Monday, October 24, 2005
[phone rongs, machine picks up. it's mommy.]
mommy: hi. how are you?
daddy: [pauses] fine. how are you?
mommy: fine. tired.
daddy: you need to go to bed immediately.
mommy: i'm waiting for dinner.
daddy: you need to go to bed immediately after you eat dinner.
mommy: i know. how are the children?
mommy: did they have a good day?
daddy: they did. do you want to talk to them?
avery: hi mommy. good. yes. uh-huh. okay. i love you. here, daddy.
mommy: she was a little distracted.
daddy: that's because she was watching tv. i told her to talk in here.
avery: preston wants to say hi to mommy.
daddy: then you tell preston to come in here.
preston: [near tears] hi, mommy. no, daddy wouldn't let me. he said i couldn't go until next year. yes. i love you too. okay. bye.
mommy: didn't preston go to chess club today?
daddy: didn't we say he'd missed too many, and he'd go to the next session? didn't we talk about this?
mommy: okay, that's fine.
daddy: yeah, well, he's all bent out of shape about it.
mommy: it's fine, he can go to the next one. my dinner's here.

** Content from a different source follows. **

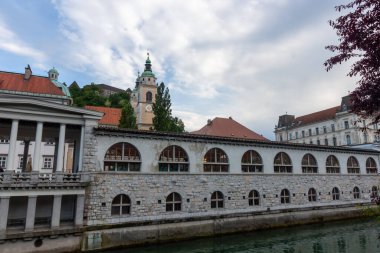Slovenya 'nın Ljubljana kentindeki Ljubljanica Nehri boyunca ikonik mimari simgeleri yakalayan güzel bir panoramik kare görülüyor.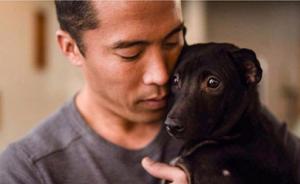 美籍华裔富商玉林救狗遭外媒质疑作秀：被指三分之二犬只病死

daddy: all right. eat dinner and go to sleep.
mommy: i will.
daddy: all right.
mommy: you doing okay?
mommy: i'll call you tomorrow.
daddy: that'll be good. sleep well.
mommy: i'll try. you too.
daddy: oh, i will.
mommy: love you.
daddy: love you too.
mommy: 'kay. bye.
Tuesday, October 11, 2005
i saw joan this weekend.
she was at the front door when we drove up to her house. she opened the screen and stepped out, waving. "hi, guys!" she said, just like always.
she was working in the kitchen in the morning, making coffee, teasing me that it was decaf. she laughed when i told her she wasn't funny, that she shouldn't mess with my caffeine addiction.
she padded up and down the hall in her slippers, bringing out more cereal, paper towels, chips, all of which she kept who knows where.
she was on the back patio, by the pool, reading the morning paper. kitty frank wove in and around her legs, looking for attention.
she tended to her desert landscaping in the back--the gardens were gorgeous and quiet and comforting as i wandered through them.
i jogged through the park north of joan's house, and thought of her. i shopped for groceries at fry's and remembered her there.
the toilet overflowed one night, and joan laughed loudly while don crossly and unsuccessfully used the plunger. quite amused, she was.
there won't be any more halloween cards from granny joan for the kids. no more thanksgiving visits, or christmas boxes in the mail. no more birthday cards with inflammatory political news clippings. joan was a constant presence at our house, no matter how far away we lived.
sunday morning, joan cried a little and hugged us tight. she wished we didn't have to leave so soon.